3. Jedoch hat das Landgericht nicht bedacht, daß zwischen den ausgeurteilten Steuerhinterziehungen durch Abgabe falscher Umsatzsteuerjahreserklärungen und den Urkundenfälschungen keine Tateinheit vorliegt, wenn die unechten Urkunden nicht mit der Umsatzsteuerjahreserklärung, sondern bereits zuvor ausschließlich zum Nachweis der mit den Umsatzsteuervoranmeldungen geltend gemachten Vorsteuerbeträge beim Finanzamt vorgelegt werden.

Der Senat hat aus diesem Grund das Verfahren mit Zustimmung des Generalbundesanwalts in den Fällen I.1 und I.2 auf den Vorwurf der Steuerhinterziehung beschränkt, zumal auch die Anklage in diesen Fällen nicht von einer tateinheitlich verwirklichten Urkundenfälschung ausgegangen ist. Dagegen ist der Angeklagte im Fall II.1 durch die Annahme von Tateinheit zwischen der Steuerhinterziehung und der (angeklagten) Urkundenfälschung nicht beschwert.

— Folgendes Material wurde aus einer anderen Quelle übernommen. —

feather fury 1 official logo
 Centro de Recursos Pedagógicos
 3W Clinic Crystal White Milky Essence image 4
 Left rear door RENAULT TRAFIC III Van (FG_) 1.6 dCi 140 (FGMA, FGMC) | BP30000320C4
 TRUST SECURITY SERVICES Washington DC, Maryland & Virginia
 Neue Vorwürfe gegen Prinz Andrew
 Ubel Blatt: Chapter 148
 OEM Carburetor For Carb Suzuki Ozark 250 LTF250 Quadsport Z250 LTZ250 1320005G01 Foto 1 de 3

Die Beschränkung der Strafverfolgung hat keine Auswirkungen auf den Strafausspruch. Der Senat kann ausschließen, daß das Landgericht das Unrecht der Tat oder die Schuld des Täters bei zutreffender rechtlicher Würdigung geringer bewertet hätte, da es sich bei der Verhängung der Einzelstrafen erkennbar maßgeblich an der Summe der hinterzogenen Steuern orientiert hat.